Madam Sandra had been spending hours in the poorly-lit living room, drenched in sweat at times. The lighting was too dim and she could not afford a fan to cool herself down. The kitchen stove was also starting to malfunction in the two-room rental unit.
The 63-year-old widow and her brother both suffer from various medical conditions that prevent them from working.
She had been waiting for the Goods and Services Tax Voucher cash payout in November to buy her necessities but she was breathing a sigh of relief under the breeze of a brand new ceiling fan in a freshly refurbished home on Friday (Oct 25) - and just in time for Deepavali on Sunday.
The fan, among other appliances such as ceiling lights, a gas stove, water heater, wardrobes and a coffee table, were donated by Jamiyah Halfway House (Darul Islah) to spread cheer to needy individuals ahead of the festive celebrations.

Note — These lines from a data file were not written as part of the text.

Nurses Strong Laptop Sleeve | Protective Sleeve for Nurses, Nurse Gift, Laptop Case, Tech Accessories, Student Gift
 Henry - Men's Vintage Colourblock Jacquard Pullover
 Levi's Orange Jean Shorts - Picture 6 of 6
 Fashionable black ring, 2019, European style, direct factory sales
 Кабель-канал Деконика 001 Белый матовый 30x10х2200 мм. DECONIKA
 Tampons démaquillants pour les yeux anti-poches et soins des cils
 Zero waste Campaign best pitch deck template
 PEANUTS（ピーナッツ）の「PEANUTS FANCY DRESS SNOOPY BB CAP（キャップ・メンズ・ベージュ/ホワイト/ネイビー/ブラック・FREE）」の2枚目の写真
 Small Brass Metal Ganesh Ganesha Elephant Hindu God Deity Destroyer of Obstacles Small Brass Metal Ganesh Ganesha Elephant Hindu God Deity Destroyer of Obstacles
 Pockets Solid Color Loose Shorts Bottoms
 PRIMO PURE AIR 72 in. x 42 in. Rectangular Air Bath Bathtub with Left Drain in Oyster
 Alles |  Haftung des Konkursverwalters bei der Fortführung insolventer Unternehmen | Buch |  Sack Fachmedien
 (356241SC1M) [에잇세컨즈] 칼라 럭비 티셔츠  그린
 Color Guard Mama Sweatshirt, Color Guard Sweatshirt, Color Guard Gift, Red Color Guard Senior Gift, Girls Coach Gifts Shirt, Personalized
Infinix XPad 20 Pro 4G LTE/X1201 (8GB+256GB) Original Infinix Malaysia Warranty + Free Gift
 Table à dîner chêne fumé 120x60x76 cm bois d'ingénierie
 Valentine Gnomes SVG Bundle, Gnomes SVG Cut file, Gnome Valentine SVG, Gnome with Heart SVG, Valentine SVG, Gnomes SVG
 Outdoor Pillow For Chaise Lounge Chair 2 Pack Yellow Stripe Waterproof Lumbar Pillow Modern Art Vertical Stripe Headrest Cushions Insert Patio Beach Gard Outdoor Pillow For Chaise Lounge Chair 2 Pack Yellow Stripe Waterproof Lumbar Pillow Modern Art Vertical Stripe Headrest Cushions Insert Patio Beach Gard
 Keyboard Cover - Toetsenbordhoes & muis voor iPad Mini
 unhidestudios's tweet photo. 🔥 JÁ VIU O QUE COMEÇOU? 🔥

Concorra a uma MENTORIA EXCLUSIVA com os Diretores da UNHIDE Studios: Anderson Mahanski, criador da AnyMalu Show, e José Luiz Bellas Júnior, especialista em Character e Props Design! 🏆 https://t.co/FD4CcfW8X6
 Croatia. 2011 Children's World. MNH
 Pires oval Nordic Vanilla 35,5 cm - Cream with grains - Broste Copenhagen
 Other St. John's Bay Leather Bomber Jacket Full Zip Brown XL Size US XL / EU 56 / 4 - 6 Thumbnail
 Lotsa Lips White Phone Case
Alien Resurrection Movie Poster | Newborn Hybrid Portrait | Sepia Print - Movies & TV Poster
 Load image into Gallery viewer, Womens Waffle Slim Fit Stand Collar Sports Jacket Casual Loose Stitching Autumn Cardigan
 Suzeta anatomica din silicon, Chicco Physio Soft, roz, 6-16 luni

The Jamiyah Halfway House (Darul Islah), which helps recovering drug offenders rehabilitate and reintegrate back to society, is run by Muslim voluntary welfare organisation Jamiyah Singapore.
Madam Sandra was overwhelmed with tears when she spoke with The Straits Times: "I am so happy someone cares about us. Now, everything is new in the house.
"This year I will celebrate Deepavali and invite my family and friends."
Madam Sandra is the latest beneficiary of Project Happiness, a programme launched by the Halfway House this year to bring cheer to needy Singaporeans during the festive seasons of Hari Raya, Deepavali, Christmas and Chinese New Year. The programme had its first run during Hari Raya Puasa in June.
Madam Sandra also receives food aid from Jamiyah Singapore.
As part of the Project Happiness, seven residents from the halfway house spent a week installing appliances and refurbishing the home, which they also spruced up with a coat of paint.
One of the residents, 51-year-old Kamil (not his real name), said: " I helped with the electrical work, fixing the lights and water heater. I am happy to be able to use my skills to help the needy.
"I am happy that I can contribute to society."
Mr Mohamad Faizal Abas, the head of Jamiyah Halfway House, noted: "Through this project, we help low-income families in their preparation to celebrate their festive holiday.
"The second objective is to help our residents, who are drug offenders, to give back to the community and to instil teamwork and caring for the community in their recovery process."